No Zoe, No

So without even venturing into the territory of whether or not he’s a disgrace to public life, we can assume that by a combination of “freelance” work and the benefits in kind that must surely accrue from his expenses, his household income probably puts him in the top 1%.

There is broad agreement now, whether you love equality or hate it, that the top 1% isn’t really the story; the story is the top 0.1%. Nevertheless, when a man in the top 1% who has his rent paid still can’t afford to house his children in the capital, it is no longer a story about what kind of a person he is: this is a story about a broken system.

 

It’s not that he cannot afford to rent in the capital. It’s that he chooses not to rent in the capital. He’s got plenty of income he just chooses not to spend it in that manner.
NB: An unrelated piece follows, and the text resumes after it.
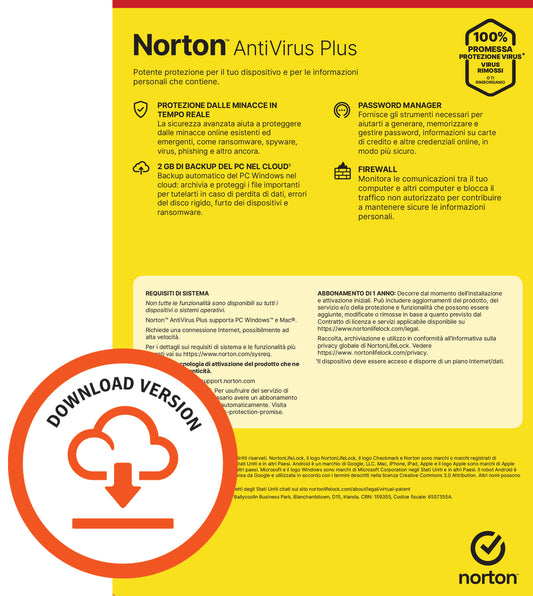 NORTON ANTIVIRUS PLUS 2GB IT 1 USER 1 DEVICE 1Y VECCHIO CODICE 21397559 [21429118]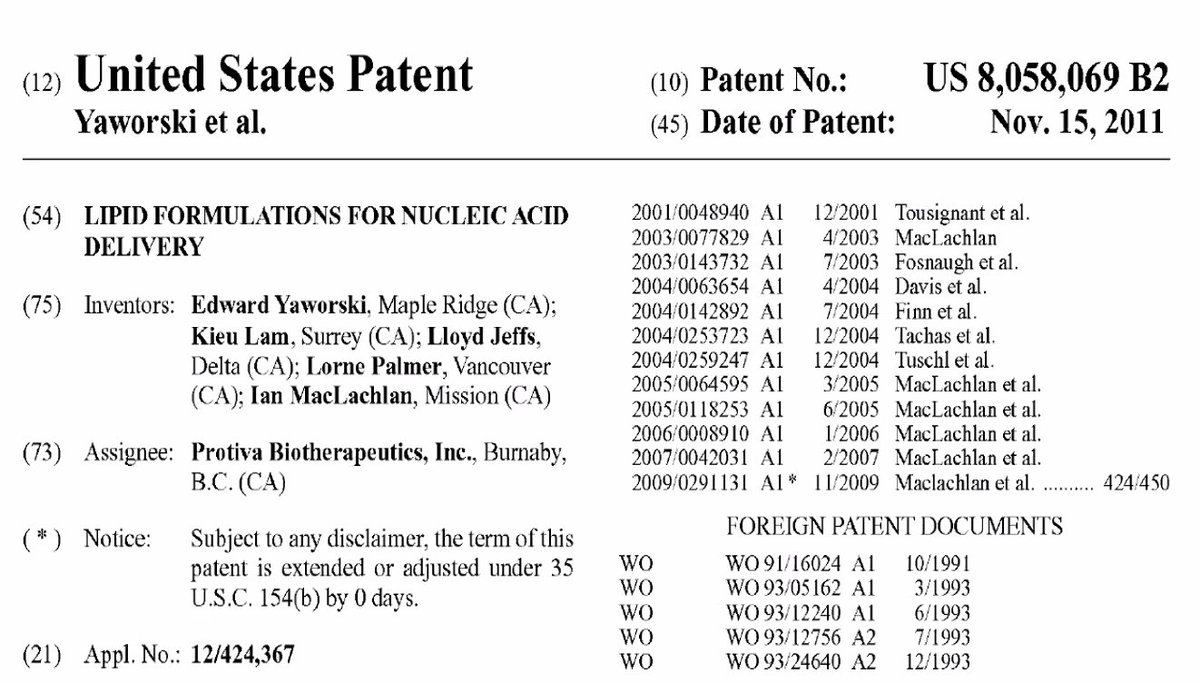 Moderna challenged this patent on mRNA delivery (lipid formulations for nucleic acid delivery).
It’s reasonably standard that you spend between a quarter and a third of your income on housing. Grossing up those allowances to account for their being tax free he’s got that quarter to one third of his (Ministerial) income to pay for rent and exclusively for rent.

33 comments on “No Zoe, No

  1. Wasn’t it not really about affording a family home in London but affording a second family home in London as well as one in the constituency?

    Which is a problem of ministers. MPs are just like the rest of us who work away from home for days at a time – Travelodge ought to be good enough for them, or an equivalent small flat. But ministers are more permanently in London yet also need the constituency house, and when that’s a decent house and the long-term home they don’t want to give it up for a job that they might lose.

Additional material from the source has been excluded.